After spending a few weeks with Zootime, Mystery Jets’ U.S. debut, I’m still not quite sure what to make of it. I suspect it’s because the band, even a year on, don’t quite know what they want to be when they grow up. The British band received a fair amount of buzz for its UK debut, Making Dens, last year, and though the album was set to jump the pond, it never quite made it. Never fear, though, because Hollywood label Dim Mak has stepped up to the plate—hence Zootime, the somewhat repackaged version for American consumers. There are four new tracks (though one of these popped up on the U.S. single for “Diamonds in the Dark”), but the meat of the album’s the same… only now it feels somehow less carefree, more calculated.
Technology’s against overseas bands in this situation. Having piqued the interest of a number of blogs and websites last year, there’s little by way of “story” that’s completely new, or that could propel a groundswell of support here. Alright, the band is unconventional—the dad’s in the band, yes, and they live on that quaint little island on the Thames—but that’s all irrelevant to the experience of listening to Mystery Jets. And over that same period, as new wave refuses to die one British band at a time, the only real anticipation looking that way across the Atlantic is for two albums entirely different—LP7 and Kala.
But I think for those Americans who discovered the band last year as one in a line, one they could perhaps lump in with Futureheads and Maximo Park, the relationship could benefit from a fresh introduction. Mystery Jets are no Maccabees, no matter how superlative their NME epithets. And if we originally judged them more mainstream than their musicianship suggested, it’s not necessarily a weakness. Yes, Zootime does sound remarkably polished, the arrangements pulled tight, but that’s the band, then. And when vocalist Blaine Harrison sings “Let’s all play nurses and doctors until real nurses and doctors catch us” on “Little Bag of Hair”, the eerie emotion is genuine.
That song’s one of the highlights of the album, a weightless meditation on illness whose swirling groove builds to a monumental finale—yes, there are elements of prog rock, but the whole thing’s so disembodied that the emotion is revealed, rather than obscured, by the music. There are a number of other good songs on Zootime (I’ve written about a couple here). In general, the newer cuts show a band increasingly sophisticated at using the instruments and studio tricks at their disposal. “Scarecrows in the Rain”, for example, is entirely successful—a demented folk stomp driven by aggressively strummed acoustics and slowly-chanted, multi-tracked vocals.
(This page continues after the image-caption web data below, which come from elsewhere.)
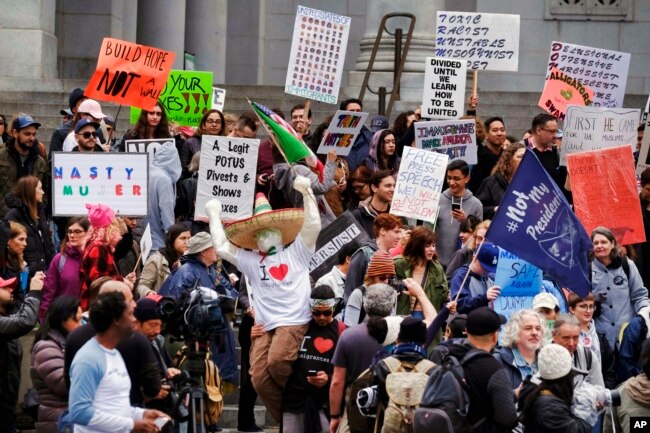 Protesters stand on the steps of Los Angeles City Hall, Feb. 20, 2017.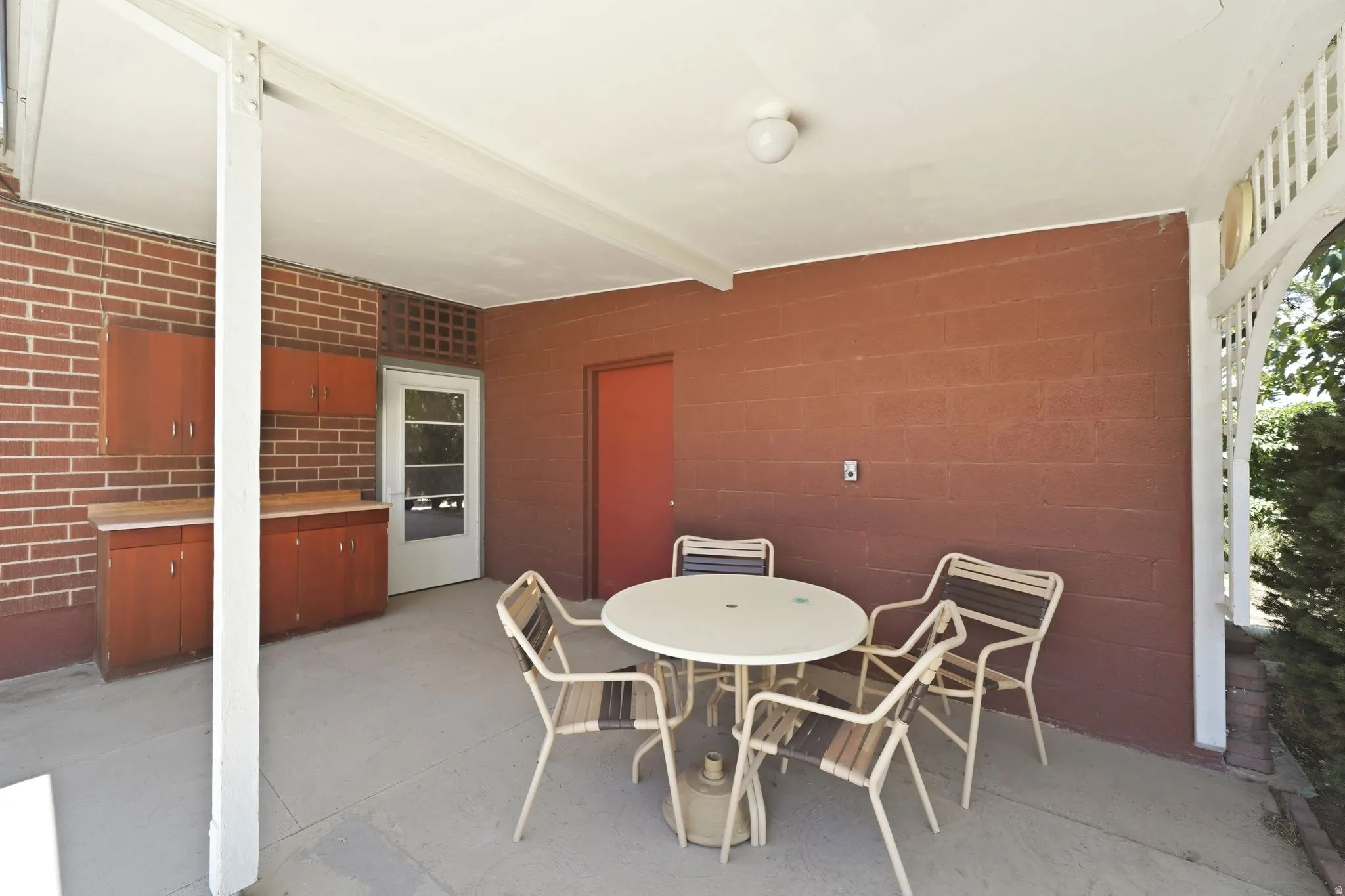 Covered patio area featuring a concrete floor and a white overhead structure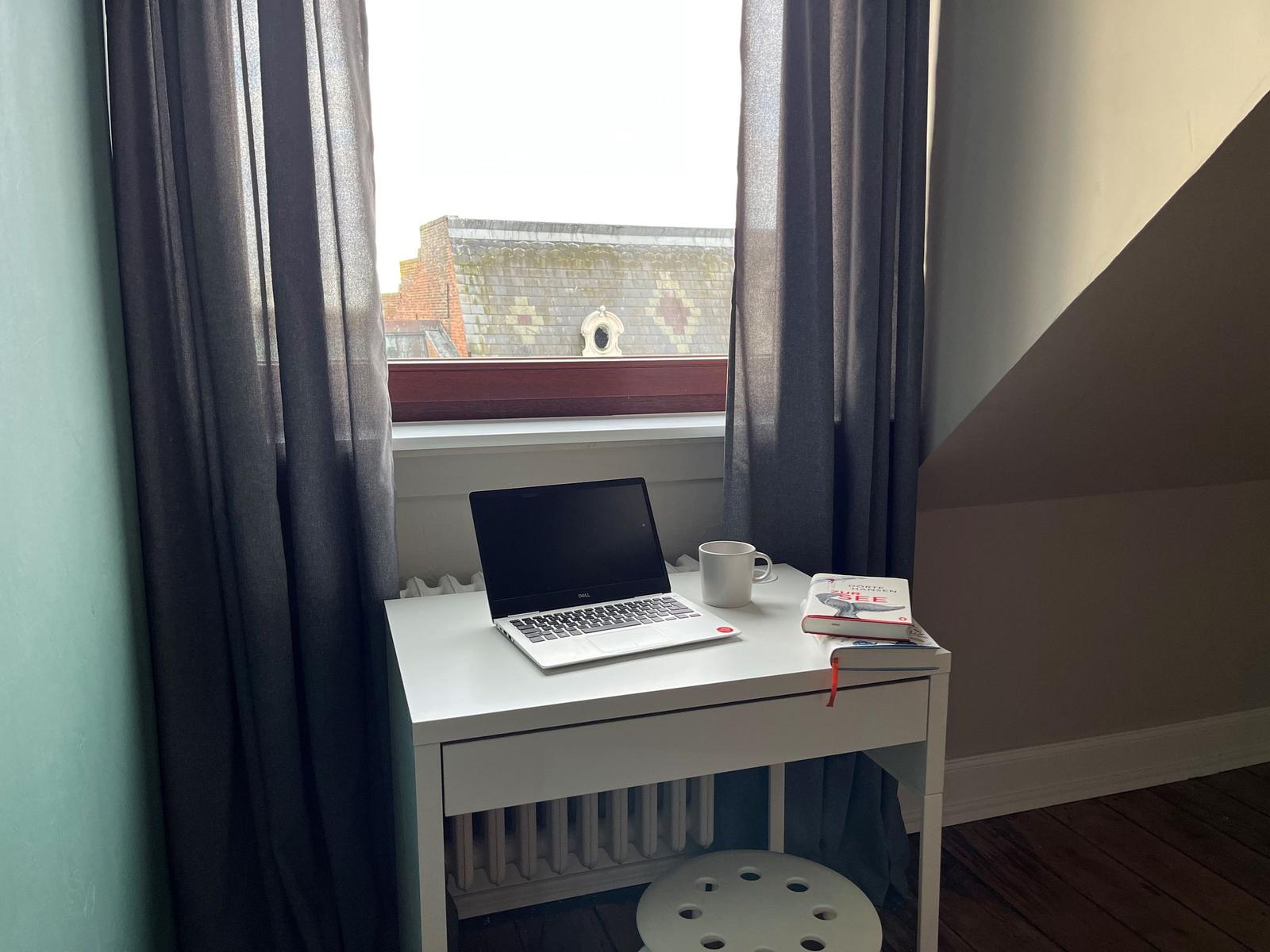 Schreibtisch mit Laptop, Tasse und Buch vor Fenster mit Blick auf Dach.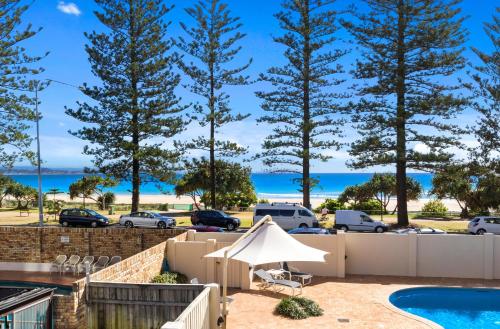 a view of the beach from a backyard with a pool and trees at Columbia Beachfront Apartments on Rainbow Bay in Gold Coast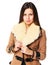 Young woman in stylish in beige sheepskin coat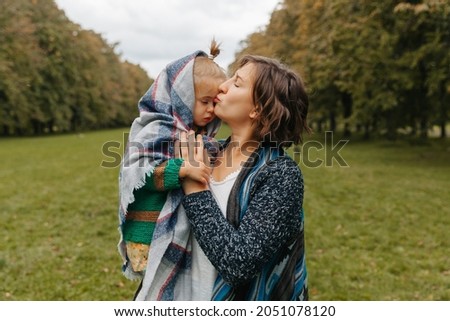 mom holds daughter in her arms in the park. woman with a small child are walking in the autumn park. autumn.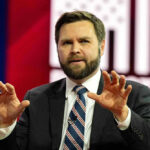 Man in suit speaking on stage with hands raised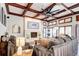 Inviting living room boasts a cozy fireplace, ceiling fan, and wood beam ceiling detail at 580 Crossing Cir, Castle Pines, CO 80108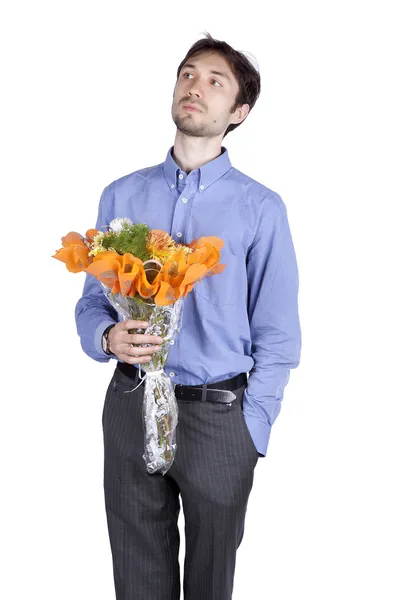 Portrait of a manwith flowers in the studio — Stock Photo, Image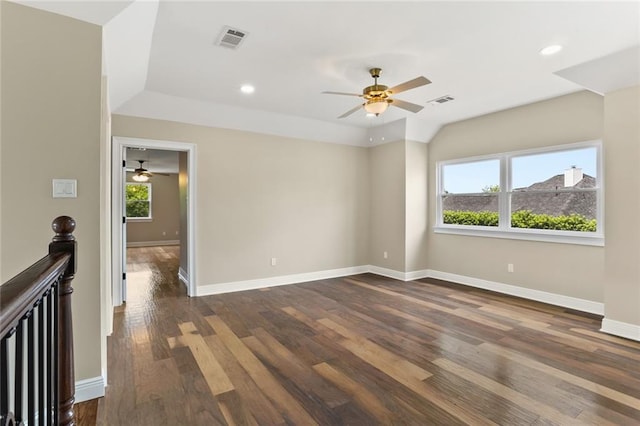 spare room featuring ceiling fan and dark hardwood / wood-style flooring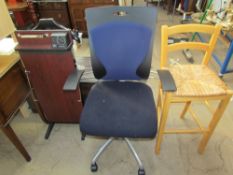 A trouser press together with an office chair and a bar stool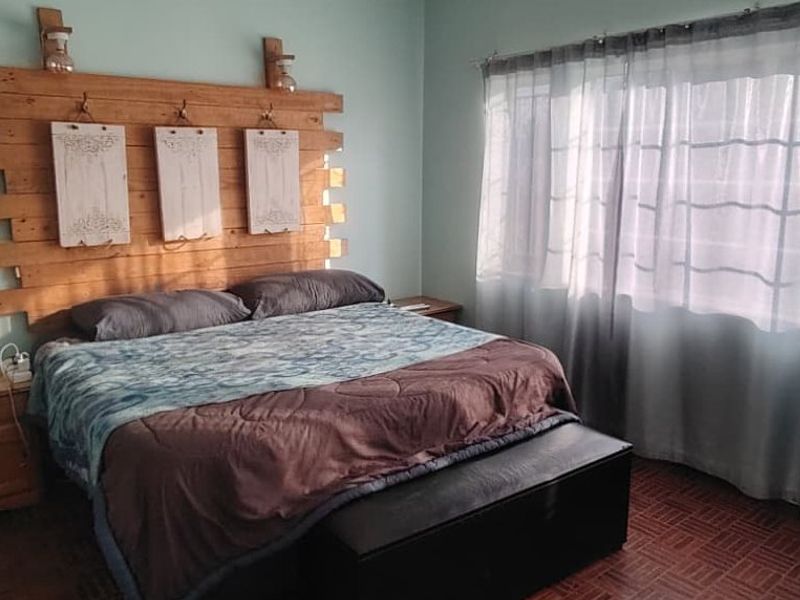 A bedroom featuring parquet flooring and large windows with curtain rails, providing natural light.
The proggy guitar bends are still there in the second verse, but they’re in the background, colouring the composition.
Mystery Jets have to do a few things, still, to ensure they’re not dismissed as another one-off British buzz export. They have to settle on their own style (hopefully it’s not the straight dance-rock stuff, but more of the emotive chant-based inventiveness). You can see part of this evolution on Zootime itself—“You Can’t Fool Me Dennis” was originally released as a single in September 2005, whereas “Diamonds in the Dark” dates to almost exactly a year later. Their newer material is definitely a step up, though, even if it’s a step into a more mainstream sound. And that’s enough to keep hoping for something great from Mystery Jets, sometime down the road.